Citation: johnweythekylow. "Next Step: An Experience with Pregabalin & Various (exp94903)". Erowid.org. Dec 17, 2017. erowid.org/exp/94903
I've been a long time sufferer of anxiety to the point of a prescribed 5mg xanax/day. Less long time sufferer of spondylolysthesis (mouthful and a pain in my back). And extra long time user of MJ.
Today, however is my 1st experience with Lyrica, named beautifully for the harmony of effects it appears to be having on me. Aside from some dissociating dizziness, the Lyrica is having synergistic effects of ALL the other substances, despite my long use and naturally high tolerance of these drugs. Not only is it helping them work, because to be honest I've been using all but pot just to maintain normal at this point; but I crave/need/want all of these less already with a drug that should be more effective with time.
Most notably, my pain is much duller. It is my biggest problem, causes depression, mood swings, suicidal thoughts. But now I can barely feel the need for narcotics to fix it. The pain is so muted (not gone which is good so I don't further injure it) that I could probably quit my 4 x 7.5mg daily dose of hydrocodone, with less w/d symptoms than I usually experience when I take a break to reset my tolerance. This drug affects substance p which suitably is what your nerves use to tell your brain that you hurt. It does so through GABA receptors involved in my anxiety which is like some sort of magic key to all my mental symptoms.
I have such high hopes for this drug because I've tried EVERYTHING ELSE short of harder street drugs, though at times the amount of oxy or sub going up my nose had me at junkie status pretty surely. Also I'm 27 and I've already drank to the point of drying out fifths in an evening and been sober (minus few MINOR slips) now for 2 years plus.

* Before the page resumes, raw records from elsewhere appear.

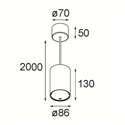 Modular Smart Tube Suspended 82 L 1x DI 500mA | Hanglamp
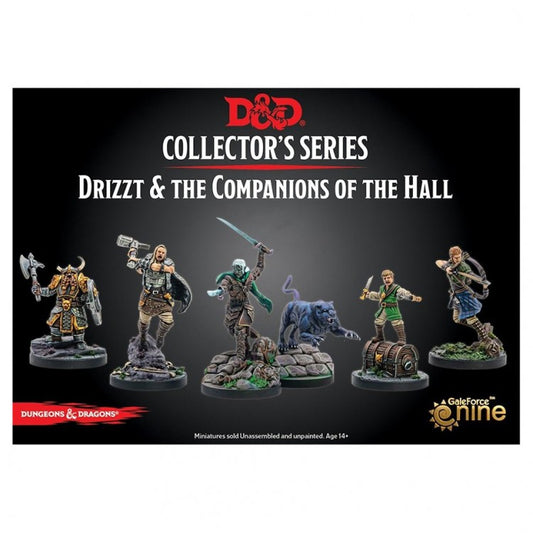 D&D: Legend of Drizzt: Companions of the Hall (6 miniatures)
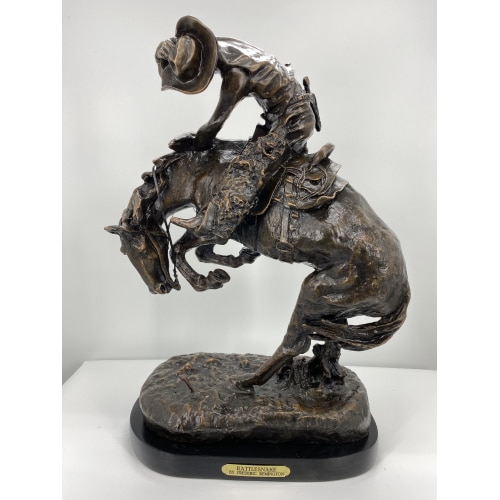 Bronze Remington Rattlesnake Statue (Prices Here) - ASB 003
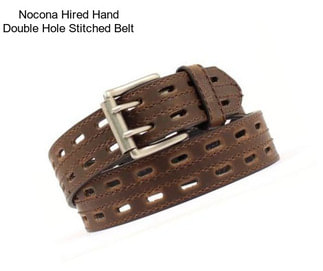 Nocona Hired Hand Double Hole Stitched Belt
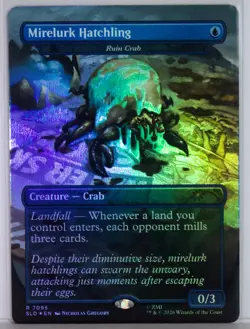 Mirelurk Hatchling [New, Near Mint] *Rainbow Foil* {Fallout SLD} - Image 2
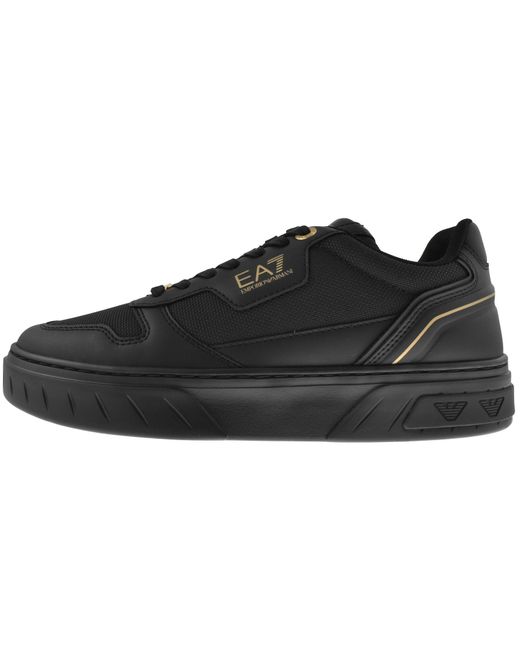 EA7 Black Emporio Armani Logo Trainers for men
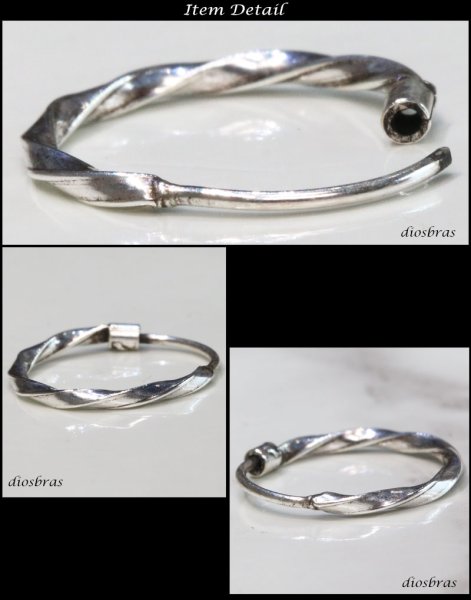 画像2: フープピアス ねじり ツイスト リング シルバー925 ピアス メンズ レディース 激安ピアス イヤリング アクセサリー【フープ】本物シルバー925◇片方ピアス メンズ レディース 12mm (2)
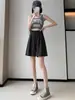 Shorts de Seda de Gelo para Meninas no Verão, Finos, de Cintura Alta, Soltos e com Caimento, Tamanho Grande, Retos, Frescos, Retos, Simples, de Perna Larga, Comprimento Médio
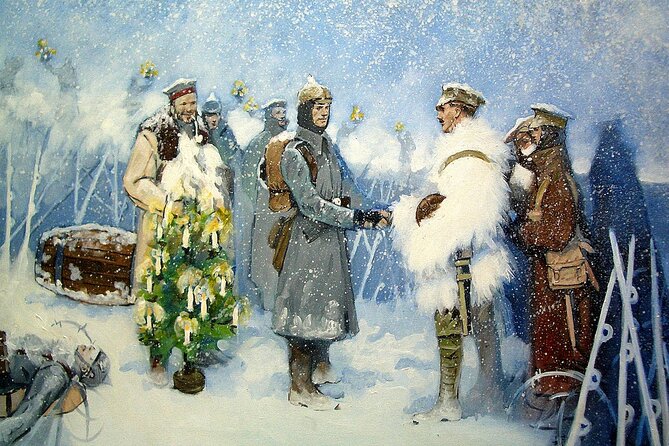 From Ypres 4hr Christmas Truce and Monster Mines of Messines PRIVATE Tour - Visiting Hill 60 and the Caterpillar Crater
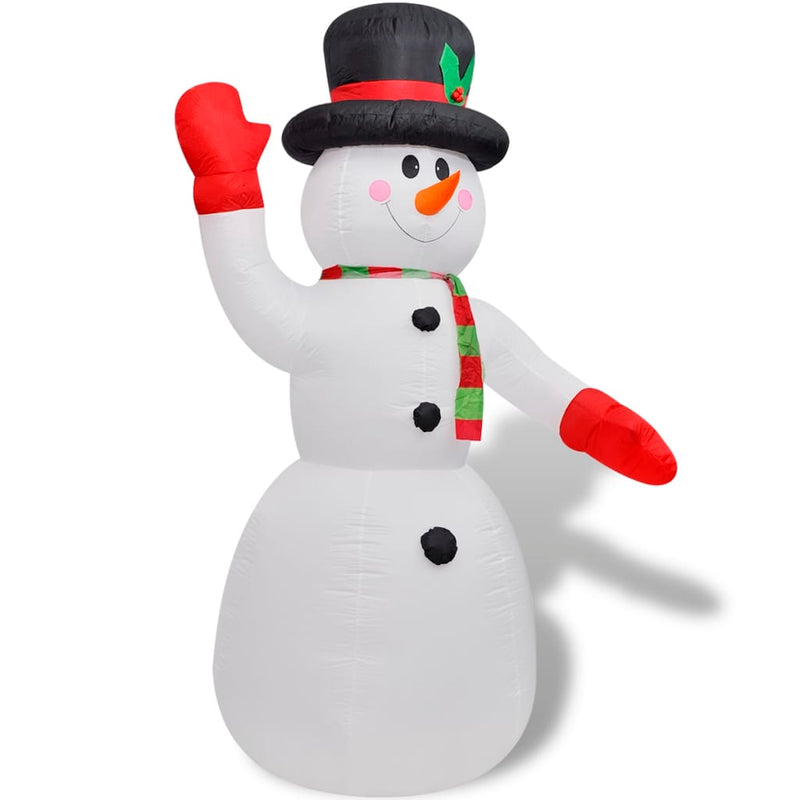 Load image into Gallery viewer, Vidaxl opblaasbare sneeuwpop 240 cm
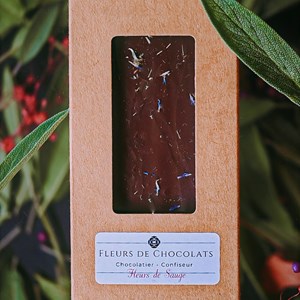 Tablette Noir Enfleurage bio Fleurs de Sauge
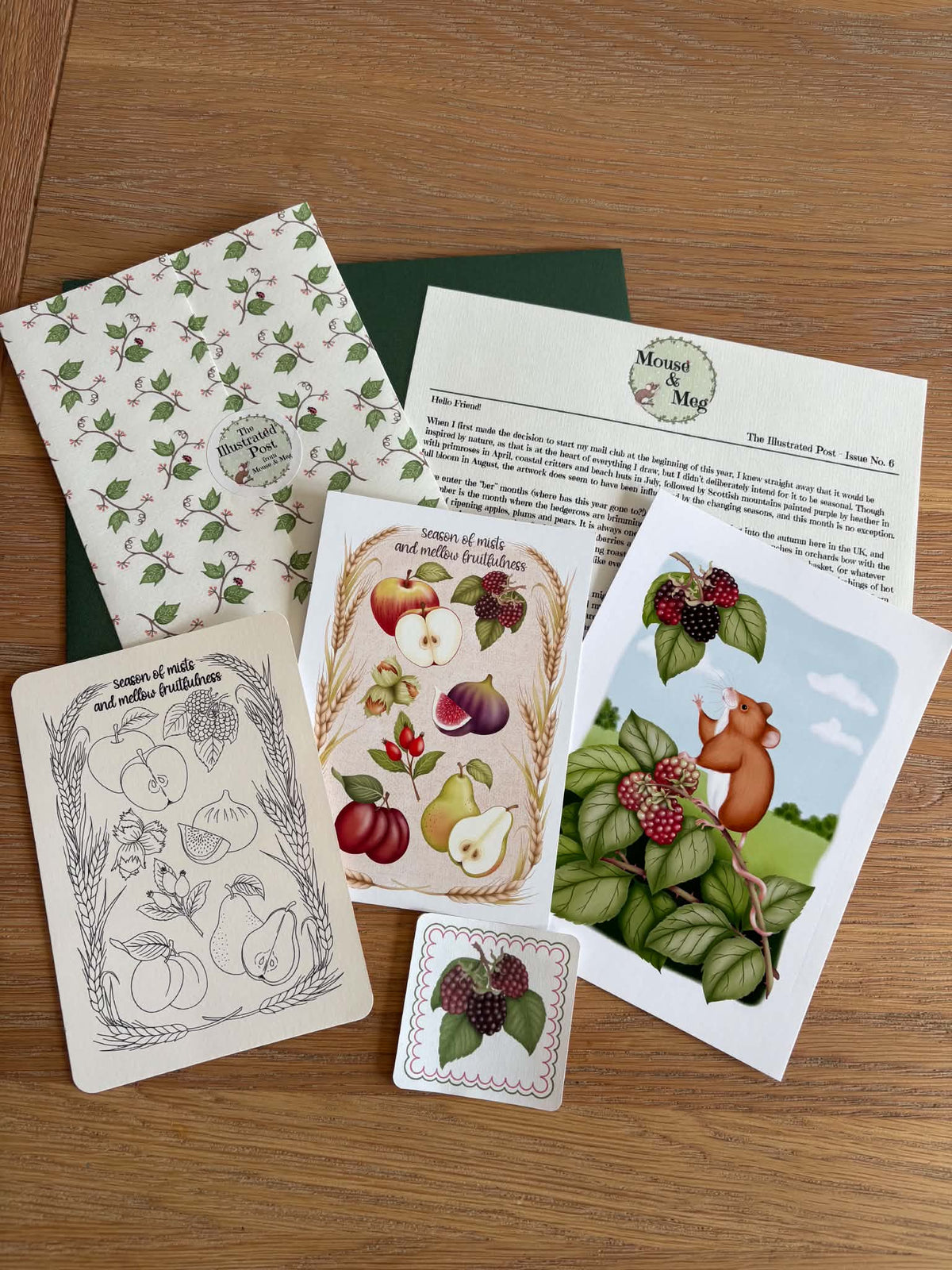 The Illustrated Post from Mouse & Meg - Archive Edition - September 2026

MJ will be there as my drug since I am the type of person that needs one. It'll never kill me and I'll never get tired of its many benefits to my life. It has helped me when I've reacted poorly to ALL SSRI's SNRI's, atypicals, old schools. Every antidepressant in the world gives me akathesia, mostly tremors and rest, elevated anxiety, paranoia.
T+15min (100mg of lyrica was at least 4 hours ago, an extra 50mg is coming along for the ride with everything else)
T+35 Now that I've typed all this I can feel the mild euphoria of waiting through one dose of xanax and hydro and taking 2 at a time plus a rip on the bong. It's very mild as all these drugs are already in my system when I am completely sober. I have a slight extra fog from the new lyrica but all is well.
Earlier when I was only on lyrica and LESS hydro and xanax I was less inhibited, in less pain, and happier about everything. I appreciated my wife and the work she comes home from to support my disabled ass. But I didn't hate myself for making her do it, because she wouldn't want me to. I also wasn't itching for every drug in the house she has to lock up away from me so I don't overuse.
But right now I'm extra nice feeling, not over inebriated, almost sober-er than I'd normally feel, yet a sober where I'm not in pain, panic, and sadness.
The world of medicine has screwed me so many times. It's impossible to get pain medicine thanks to doc shoppers no matter how much I limp, groan, cry in the office. I finally found some good trusting doctors and hopefully the 'magic bullet' I've been searching. So that I may handle physical therapy and have a life again. I am really looking forward to this next step.